Other than that, I had a very fruitful discussion with Ondrej about how to implement polynomials and then series expansion in SymEngine. You can read the summary here. I am already excited about writing all this new stuff.

The end of GSoC is not really an end; it is a beginning, of more interesting times :)

Cheers!!

GSoC Week 12

Last week I told you why rs_series doesn't work with negative or fractional powers because of the constraints of a polynomial back-end and why we need to modify polys. The situation isn't that hopeless actually. Let's talk about negative and fractional powers one by one.

Negative Powers

The reason negative exponents work in ring_series is because I modified PolyElement to allow so. In hind sight, it wasn't the right decision and needs to be replaced with something that doesn't alter polys. It is rather surprising that I came across a possible solution so late (Now we know why good documentation is so important).

I already knew that polys allows us to create a FractionField. A fraction field over a domain R consists of elements of the form a/b where a and b belong to R. In our case we are interested in the fraction field of polynomial ring, i.e, fractions with polynomials as numerator and denominator. So a/bis not a * b**(-1) but is a / b, where a and b are polynomials.

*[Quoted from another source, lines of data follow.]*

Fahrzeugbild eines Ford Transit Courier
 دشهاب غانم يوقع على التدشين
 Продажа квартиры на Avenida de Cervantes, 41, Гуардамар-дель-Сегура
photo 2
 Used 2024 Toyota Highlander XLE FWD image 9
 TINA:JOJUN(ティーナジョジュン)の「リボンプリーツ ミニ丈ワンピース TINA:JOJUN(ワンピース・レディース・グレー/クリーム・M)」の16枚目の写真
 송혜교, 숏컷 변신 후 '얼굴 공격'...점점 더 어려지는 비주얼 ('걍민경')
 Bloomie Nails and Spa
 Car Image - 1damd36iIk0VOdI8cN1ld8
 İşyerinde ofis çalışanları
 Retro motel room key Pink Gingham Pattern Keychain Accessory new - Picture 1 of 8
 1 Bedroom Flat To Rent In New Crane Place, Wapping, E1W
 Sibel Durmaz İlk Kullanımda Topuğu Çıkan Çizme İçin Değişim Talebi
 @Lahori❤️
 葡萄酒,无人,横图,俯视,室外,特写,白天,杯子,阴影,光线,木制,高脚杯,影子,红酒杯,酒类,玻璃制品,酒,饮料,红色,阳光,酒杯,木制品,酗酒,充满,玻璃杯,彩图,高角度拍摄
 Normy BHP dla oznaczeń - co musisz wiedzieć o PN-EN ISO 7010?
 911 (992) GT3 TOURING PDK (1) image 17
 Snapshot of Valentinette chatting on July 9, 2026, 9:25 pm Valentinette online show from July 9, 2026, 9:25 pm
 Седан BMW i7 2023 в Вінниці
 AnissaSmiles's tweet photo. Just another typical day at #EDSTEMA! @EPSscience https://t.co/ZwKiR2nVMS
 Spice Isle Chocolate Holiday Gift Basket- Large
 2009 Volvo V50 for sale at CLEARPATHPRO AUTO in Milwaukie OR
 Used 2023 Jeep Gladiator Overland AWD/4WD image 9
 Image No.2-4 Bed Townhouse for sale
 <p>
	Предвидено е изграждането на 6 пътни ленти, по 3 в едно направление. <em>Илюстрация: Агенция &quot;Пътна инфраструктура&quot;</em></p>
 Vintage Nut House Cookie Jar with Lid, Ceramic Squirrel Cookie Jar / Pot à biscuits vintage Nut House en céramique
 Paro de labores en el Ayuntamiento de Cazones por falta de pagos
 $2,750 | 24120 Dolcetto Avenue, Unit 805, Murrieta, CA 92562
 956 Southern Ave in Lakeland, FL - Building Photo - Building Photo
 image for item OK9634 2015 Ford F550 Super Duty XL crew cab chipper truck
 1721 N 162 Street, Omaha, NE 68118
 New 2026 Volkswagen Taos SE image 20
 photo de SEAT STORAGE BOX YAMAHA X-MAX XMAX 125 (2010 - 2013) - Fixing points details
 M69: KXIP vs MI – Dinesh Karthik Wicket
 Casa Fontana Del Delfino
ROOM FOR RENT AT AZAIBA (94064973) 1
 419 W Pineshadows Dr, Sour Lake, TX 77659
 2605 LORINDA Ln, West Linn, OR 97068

What was new to me was that just like ring, polys also has sparse field. In effect, it allows us to create sparse rational functions without altering anything.

I modified some functions in ring_series to work with a rational function field here, and it works quite well indeed.

In [42]: from sympy.polys.fields import *

In [43]: F, a, b = field('a, b', QQ)

In [44]: p = rs_sin(a + b, a, 3)/a**5

In [45]: p*a
Out[45]: (-3*a**2*b - 3*a*b**2 + 6*a - b**3 + 6*b)/(6*a**4)

Note that all these are field operations and I haven't modified field.py in any way. Elegant!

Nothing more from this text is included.